One last question...
Why should my goal be to not take any Aromatase inhibitor (AI) at all?
Just curious about the reasons behind that thinking...
I took this for the other thread posted by Cashout.
First, I am a big believer in not using an Aromatase inhibitor (AI) if that is at all possible while on HRT.
With that said, it requires a little differnt approach to HRT than what I've seen around here over the past few years. That may be a function of the people designing the protocols. Regardless, I know non-AI HRT can be tricky but it can be done and I fiddled around with it for a while when I was on HRT so I know it takes some doing.
I am very estrogen sensitive. So it was a big step for me to move off of an Aromatase inhibitor (AI) while I was on HRT.
So here is what I learned and why I suggest not using an Aromatase inhibitor (AI) if you can avoid it.
First, Aromatase inhibitor (AI) use over long term, which HRT is, will skew lipid profiles. That is not good for us guys in the 40+ crowd. That increases our risk for cardiovascular issues.
Next, they seem to have an impact on connective tissue and joints.
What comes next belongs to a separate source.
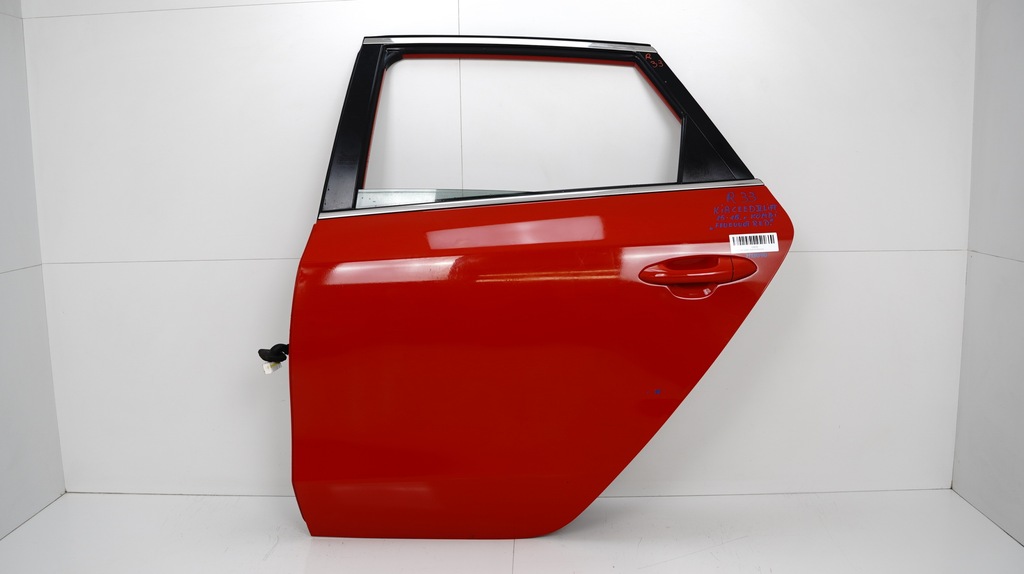 фото №1, Дверь левый задняя kia ceed ii lift 15-18r feueuuot red kombi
I have talked with many of you who have expressed issues with joints and convective tissue after significant time using AIs. I, myself, experienced the very same things and I've never had connective tissue or joint problems in my life. After 5 months of using an Aromatase inhibitor (AI) I did.
Lastly, long term Aromatase inhibitor (AI) use also contributes to a reduction in naturally produced GH. There is research that indicates that to be plausible and I experienced it first had as have some of you all.
So, what do we do to avoid using an AI?
Well, I think the most important thing to do is taper your test dosages up very very slowly and monitor the blood changes including estrogen.
I, like a lot of guys on here, started my HRT with a 200 mg per week of test cyp dosage. Many of you guys are 200 mgs every 5 days.
What starts to happen on these type of dosage is we see significant peeks in total test in the 30-48 after injections that are well beyond normal physiological ranges. It would happened to me. I take my weekly 200 mg shot and BANG my levels would rocket up to 2000+ ng/dl and fall back to 1000 ng/dl over the course of the week. By drawing my blood work throughout the week and watching it, my estrogen would spike shortly after my test peeked and it too would drop back down to over the course of the week until my next weekly injection. So, being estrogen sensitive, I started to have issues. I assumed like many of us, "Hey, I need an AI!" So, I got on one and things got better. Sure after 5 months my joints were starting to hurt and my lipids were shifting but my estrogen was staying near 20 so I was all good.
Then I started to think. If I eliminate the test peeks that were cause the estrogen issues, I could quite the Aromatase inhibitor (AI) and my joints might feel better. So, I started injecting smaller dosages more frequently. First on a 2 day a week schedule, then on a 3 day a week schedule. Guess what? It worked. My total test number peeks got smoother and smoother and my estrogen started to drop into the low single digits so I started to taper out the Aromatase inhibitor (AI) altogether. As i did that my estrogen returned to a comfortable level of 24 and and it stayed fairly stable there even though I was still using 200 mgs over the course of 7 days. I eliminated the peeks and the problem.
So, what took me months and months of trial and error to fix could have been handled on the front end if I had spread my injections out over multiple smaller applications during the week.
Of course, 3-4 injects during the week could actually present significant pains in the butt - really. So, that is why I switched to pinning with insulin needles. If I needed to, I could pin 25 mg of test cyp every day with an insulin pin and never have any discomfort at all.
So, there is my 2 cents on AIs. For long term HRT guys, I think we should work toward the goal of not using an Aromatase inhibitor (AI) if at all possible. I've mentioned how I worked toward that objective.
I know some will always need Aromatase inhibitor (AI) and that is fine, but I'd suggest try to go without or as little as possible. No need to put another drug in the body when some proper protocol management techniques can eliminate the need for it.